All aboard the SS Who Cares, it’s another edition of Problem Solving with Adam Schatz.
This time we will focus on a well-tread often revisited bacchanalia of gripes: flying on a commercial airline with a musical instrument.
There’s much to lament about the current state of air travel, but you have to admit there’s very few other situations that allow you to so easily watch someone else watch Mamma Mia!. So if that’s your thing (it’s my thing) then we have no choice but to continue to take to the skies. Also planes get you where you’re going really fast, and the “choo choo” that trains make hurts my delicate eardrums.
If we are going to continue to take our tools of the trade on the plane with us, there’s a big issue I need to address, in the hopes that we can put a stop to this insult once and for all. I’m of course talking about when a member of the flight crew says “Hey, you never played for us!” as you exit the plane.
Allow me to wait for the applause to die down. I understand this is a major issue for everyone, which is why I’m taking the calculated risk by speaking out.
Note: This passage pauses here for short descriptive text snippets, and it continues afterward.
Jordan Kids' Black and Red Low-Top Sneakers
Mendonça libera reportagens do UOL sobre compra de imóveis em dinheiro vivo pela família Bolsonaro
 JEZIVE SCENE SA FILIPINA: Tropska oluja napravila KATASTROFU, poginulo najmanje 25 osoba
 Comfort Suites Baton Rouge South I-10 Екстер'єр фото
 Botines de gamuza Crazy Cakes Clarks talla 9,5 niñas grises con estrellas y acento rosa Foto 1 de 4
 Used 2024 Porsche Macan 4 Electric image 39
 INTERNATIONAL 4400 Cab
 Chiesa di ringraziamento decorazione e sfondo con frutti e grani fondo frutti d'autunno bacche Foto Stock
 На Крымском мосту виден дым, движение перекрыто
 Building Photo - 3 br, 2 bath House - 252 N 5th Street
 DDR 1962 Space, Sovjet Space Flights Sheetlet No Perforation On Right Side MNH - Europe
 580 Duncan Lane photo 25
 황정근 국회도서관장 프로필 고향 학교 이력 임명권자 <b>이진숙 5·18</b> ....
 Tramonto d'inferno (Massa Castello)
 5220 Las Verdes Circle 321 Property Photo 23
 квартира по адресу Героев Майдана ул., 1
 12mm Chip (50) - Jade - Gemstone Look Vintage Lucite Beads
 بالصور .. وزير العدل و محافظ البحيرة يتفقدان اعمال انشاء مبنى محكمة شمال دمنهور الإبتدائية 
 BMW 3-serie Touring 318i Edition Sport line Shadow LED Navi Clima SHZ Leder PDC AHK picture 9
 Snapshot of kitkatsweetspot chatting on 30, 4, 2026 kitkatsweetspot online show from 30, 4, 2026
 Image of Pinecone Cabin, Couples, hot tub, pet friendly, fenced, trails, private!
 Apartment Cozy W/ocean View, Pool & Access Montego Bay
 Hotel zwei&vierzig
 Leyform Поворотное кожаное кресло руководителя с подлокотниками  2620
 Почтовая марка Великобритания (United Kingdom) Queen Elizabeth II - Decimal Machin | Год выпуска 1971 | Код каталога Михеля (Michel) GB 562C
If the airlines discover that I’m leading this campaign, they might retaliate by spitting in the food they don’t give me.
But I can’t stay quiet any longer. This injustice has to stop. I’m not opposed to the occasional friendly quip in my day-to-day, but what we’re dealing with here is an issue of humanity. From the moment we cross the threshold of merciless inconvenience onto the plane, we are putting our humanity into a cryogenic deep sleep. We hope to reunite with our humanity once we land, but there’s simply no promises, and by the time I’ve buckled in and been bludgeoned with a 110 decibel announcement for a new credit card offer and the person in front of me has leaned back so far that I could kiss the top of their head with little-to-no effort at all, my humanity is as foreign to me as the plot of Mamma Mia! is to the guy sitting next to me who’s pretending not to hear me explain it to him (he’ll fall in line after he watches me watch that other lady watch it).
Mid-air our self-worth as upright mammals gets further disemboweled and deveined to the degree where we smile big and say, “Thank you,” when handed pretzels designed in a lab to taste as if you’ve eaten nothing at all. The plane lands with a double bump and we all quietly say our prayers to the Father (Pierce Brosnan), Father (Stellan Skarsgård), and Father (Colin Firth) that we didn’t explode. My opposable thumbs feel as though they’re melting back into flippers as I awkwardly stand up and remove my saxophone from the overhead bin and the weight of it falls down too fast and I accidentally touch knees with a businessman who’s been pretending to do business the whole flight. Through the crack in the seats I watched him read a quarterly report all about how if sales could be better then why weren’t they, huh? The last five pages of the document appeared to read “stop hitting yourself! stop hitting yourself!” over and over again, but I was pretty dehydrated from the pretzels at that point and my vision was getting a bit blurry.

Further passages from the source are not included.